Las bases de este logos poético están en Filosofía y poesía, un libro esencial en el conjunto de su pensamiento y en donde relata cómo la filosofía arrebató el logos a la poesía. Aquel libro que escribe en Morelia, «un hermoso y lejano lugar» del que no quiso olvidarse cuando recibió el Premio Cervantes, apenas dos años antes de fallecer, supuso un punto de partida en el que persistió durante toda su vida. En su discurso menciona de nuevo cómo la trayectoria ciega del pensamiento ha sido la de elaborar «la historia no escrita de la inexistencia de la verdad, que es tanto como decir la verdadera historia de la verdad» (Zambrano, 1989b). Volvía con ello al enfrentamiento entre pensamiento y poesía, al conflicto entre dos experiencias epistemológicas y dos formas discursivas que son distintas, pero que, a su entender, eran también complementarias. Su mérito, por tanto, consistió en trabar tales alternativas y librarlas de la hostilidad que ha recorrido toda la historia de nuestra cultura y que ha expulsado a la poesía de la vía de la razón y del conocimiento.

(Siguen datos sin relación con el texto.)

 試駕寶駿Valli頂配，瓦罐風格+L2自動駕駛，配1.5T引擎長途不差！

Para la filósofa, el causante de la contienda en la que «pensamiento y poesía se enfrentan con toda gravedad a lo largo de nuestra cultura» (Zambrano, 2006, p. 13) fue Platón, quien en el mito de la caverna, que expuso en el libro VII de La república, eliminó la capacidad cognitiva de los sentidos y solo admitió como vía epistemológica una sola de las dos que Parménides había presentado en su Poema. Así fue como, durante mucho tiempo, la lectura del texto parmenídeo se realizó en clave de disputa por la verdad. Por un lado, la vía del ser y de la razón, y por otro, la del no ser y los sentidos. Por una parte, la vía de la filosofía, y por otra, la de la poesía. Esta polaridad fue retomada a lo largo de la historia del pensamiento occidental, condenando al saber poético por considerarlo irrelevante para el conocimiento. Sin embargo, la filósofa no excluyó una vía cognitiva por otra, sino que las integró, ya que ninguna por sí sola podía abordar la totalidad del ser humano. Y esta idea clave, que dio origen a todo su pensamiento posterior, es la que puede encontrarse en aquel libro que escribió en 1939 en México, siendo docente de Filosofía en la Universidad de San Nicolás de Hidalgo, en Morelia.

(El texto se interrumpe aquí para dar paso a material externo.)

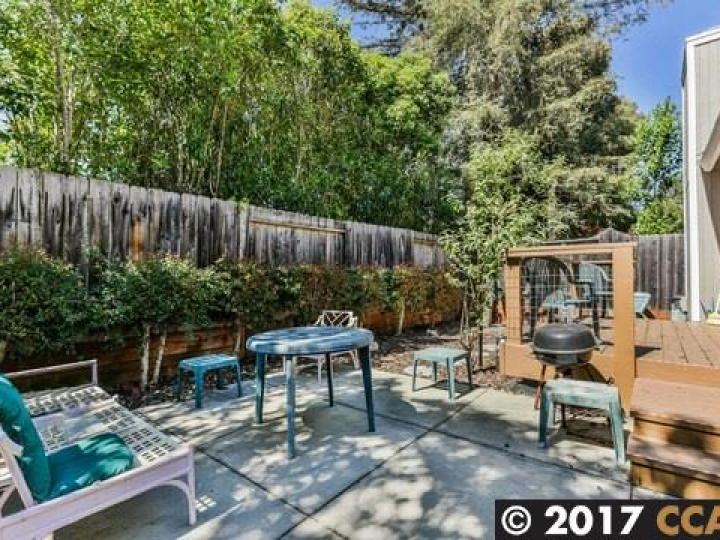 20 Donegal Way, Martinez, CA, 94553 Townhouse. Photo 18 of 24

Lo auténticamente relevante es que el sesgo platónico que pesaba sobre el texto de Parménides fue desactivado a principios del siglo pasado por la filósofa. En este campo María Zambrano se adelantó en mucho a teóricos posteriores de la estética, como Franco Rella (1986), quien señaló que el filósofo de Elea no quiso tanto presentar dos vías opuestas de conocimiento, la de la razón y la de los sentidos, la episteme y la doxa, no quiso oponerlas, sino más bien exponerlas. En realidad, las dos vías de las que habló Parménides, la del ser y la del no ser, la nouménica y la fenoménica, son válidas cognitivamente, solo que la contundencia con la que Platón apostó por la claridad metódica de la dialéctica supuso el triunfo de una conciencia analítica que proscribiría la sabiduría poética por considerarla confusa y falsa. Esta lectura novedosa y a contracorriente en la que se afirma que no hay una única vía de conocimiento, sino dos y complementarias, es la que la filósofa reivindicó mucho antes de que se extendiera en los círculos filosóficos de la segunda mitad del siglo XX.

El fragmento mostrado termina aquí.